What authority for parents today ? – Marcela Ana Negro

©Laurence Malghem

We live in an era driven by the union of the market and technoscience, which has produced a radical effect on subjectivity : the loss of belief in the order offered by the Name of the Father.

The world has disregarded the credit it used to give to the Other, because the regime of self-control has infiltrated it.

Children do not admit the adult’s authority, simply because they have it : we are in the era of the dictatorship of the object, whatever form it takes : gadget or child.

One analysand said that when words were not enough and her explanation became disfigured in discussion because her child did not accept the limit, became insistent and the situation escalated, she ended up telling the child that she was going to go to her room for a few minutes with the door closed. She did this to put a cooler head. She was demonstrating a know-how of which she had no knowledge – which is why she lived her decision with anguish and guilt.

When the limit does not operate by dividing the child, the limit needs to be located elsewhere, that is, by dividing the other. Some door has to be closed ; today it is not that of the punished child’s room, but that of the mother’s room. In this way she subtracts herself and drops the object that could not be released.
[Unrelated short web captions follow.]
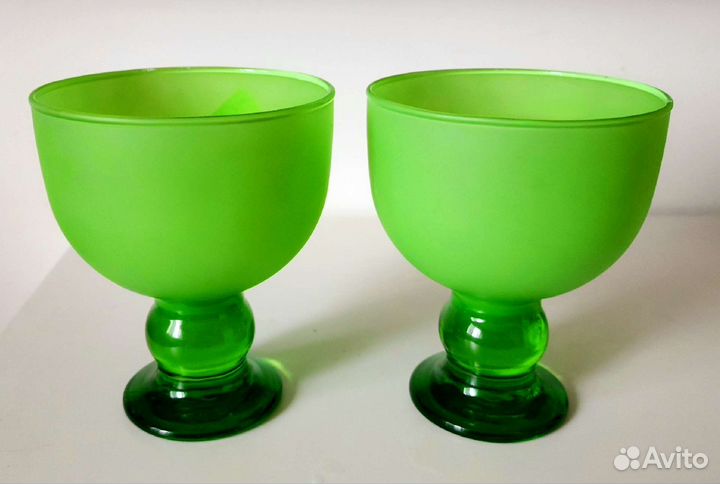 Бокалы креманки, стекло emerald green,Италия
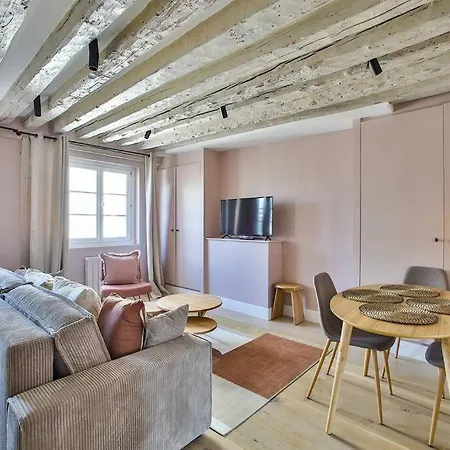 Daire 41.typical Parisian Flat#4pers#le Marais#beaubourg Paris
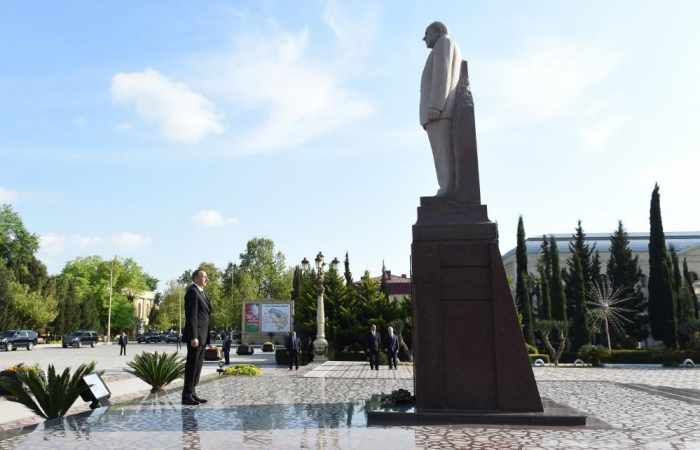 Ilham Aliyev visited statue of national leader Heydar Aliyev in Yevlakh

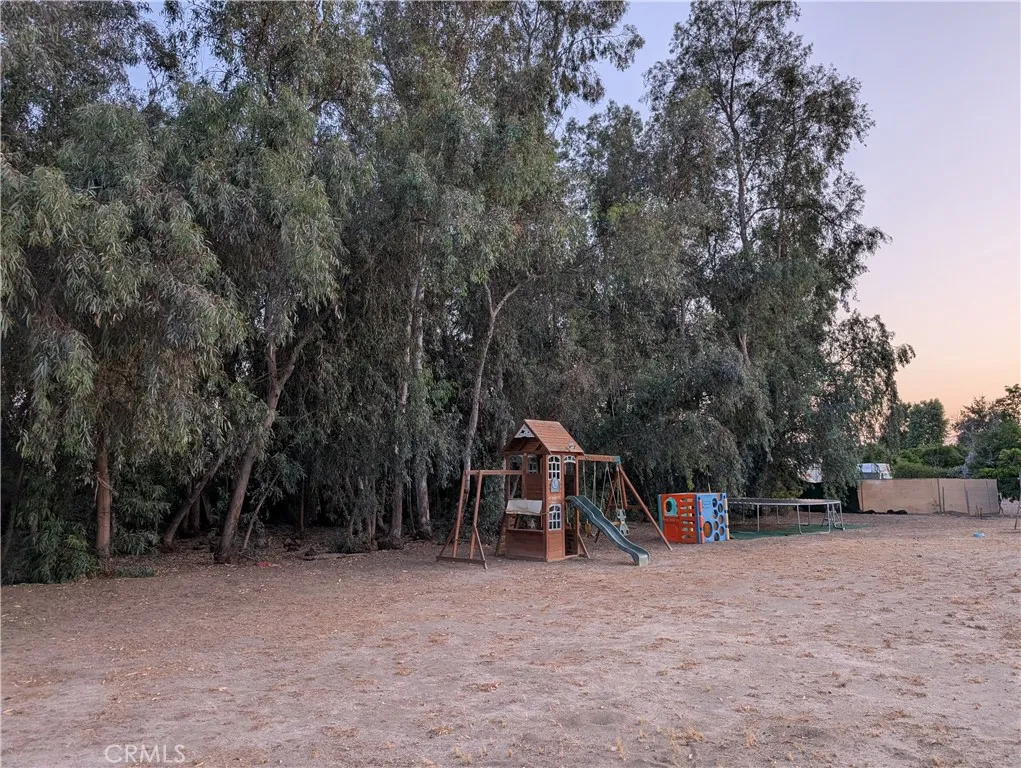 42961 Johnston Avenue, Hemet, California 92544 home-pic-11
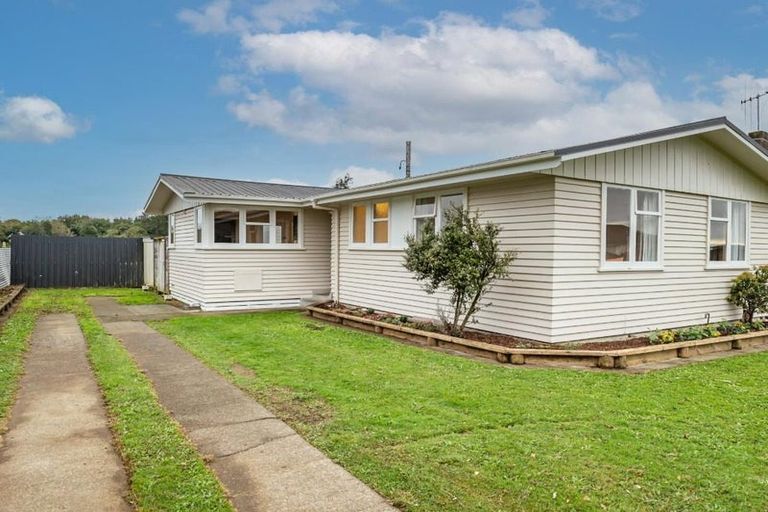 Photo of property in 14 Awatea Street, Levin, 5510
Here there is the transmission of a desire that is not anonymous.

In a world where the object is at hand, ready to be consumed at any time and then discarded, how to sanction it lost for ever and ever ? By bringing into play they cession some way. If one cannot dispute it with the child, then, it will be necessary to locate it by giving up one’s own.

These scenes in which there is a struggle for control show that authority as such is lost, that there is no Other but others. In these situations, what is really at stake, are the object of the gaze and the voice. It is necessary that the other, the child’s partner, in some way, agree to subtract and give up the object in which they have become, on the one hand, the child for his mother, and on the other, the mother for the child (each one becomes the object of the other), and produces a cut.

In a world without fault, the fault needs to be engendered in some way. Transmission is to let the child know that there may be a lack. That is to give them a tool so that they are not left alone : without an Other and in charge of incarnating the law. Because if they have to do it, it is no longer the law of desire, it is their own law, the law of their freedom : an iron law.

There is transmission as long as someone, when necessary, is in charge of épater[1] and redistribution of jouissance. In this act, there is also a gift of love. At this time, it is about making an impact, not in the way of agreeing to make semblance of command[2], but in the form of love : giving what you do not have to someone who is not.

So, what authority can parents have in a world that no longer believes in authority ? The authority to transmit that there is the possibility for each one in the cession of one’s own enjoyment. It is a matter of sifting the most real point of what the transmission operation is, that which can only be done in action and therefore only transforms the subject itself. But it is a bet : a bet that, for those who lack the tools of the father, something of this act touches them and leads them to know that there are tools and of what order they are.

[1] Lacan J., The Seminar of Jacques Lacan, Book XIX, …or Worse, text established by J.-A. Miller, transl. A.R. Price, Cambridge/Medford, MA, Polity Press, 2018, p. 184.
[2] Lacan J., Geneva lecture on the symptom, in Analysis, n°1, 1989.